Prior to the European elections this past May, the alarm had been raised that the voter registration procedures throughout the European Union were convoluted, difficult to navigate for those trained, and the sheer number clouded most organisations from providing aid to citizens. While the EU stresses democratic legitimacy of voting, and encourages mobility amongst citizens, the hurdles, which citizens residing in a member state other than their origin had to overcome, were simply ridiculous with unequal voting rights, directly contradicting basic European principles. With over 112 scenarios for voter registration in European elections and only one known organisation who took on the challenge to sort through these scenarios, citizens in the European Union who were exercising any right to freedom of movement in May were often disenfranchised from having their voice heard in the largest democratic exercise in the world.

As predicted prior to the election, these convoluted voter registration procedures were the direct cause of issues that inevitably led to European citizens being upset, and discouraged after their attempt to vote resulted in defamatory remarks and not being allowed a vote.
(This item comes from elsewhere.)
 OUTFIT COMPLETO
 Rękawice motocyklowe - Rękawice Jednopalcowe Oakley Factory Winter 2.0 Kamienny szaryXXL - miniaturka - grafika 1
These sentiments are not something European politicians want to see at a time when scepticism of the European project is on the rise. In this past election, politicians and others in the field highlighted 2014 proceedings as being more democratic than ever before, but how can this really be when many member states are pushing aside or were unaware of voter registration problems ? Most assuredly, the issue of citizen disenfranchisement in the European elections has not received much attention at the EU level, though these problems occurred in multiple member states. In the United Kingdom, Europeans are continuing to resist this complacency, pushing for this problem to be addressed at every level possible. It is through these efforts that the fight for mobile citizens to maintain their democratic rights that hopefully politicians, both in the member states and the European level, will take heed of more citizen dissatisfaction than the mere increase in Eurosceptic election results.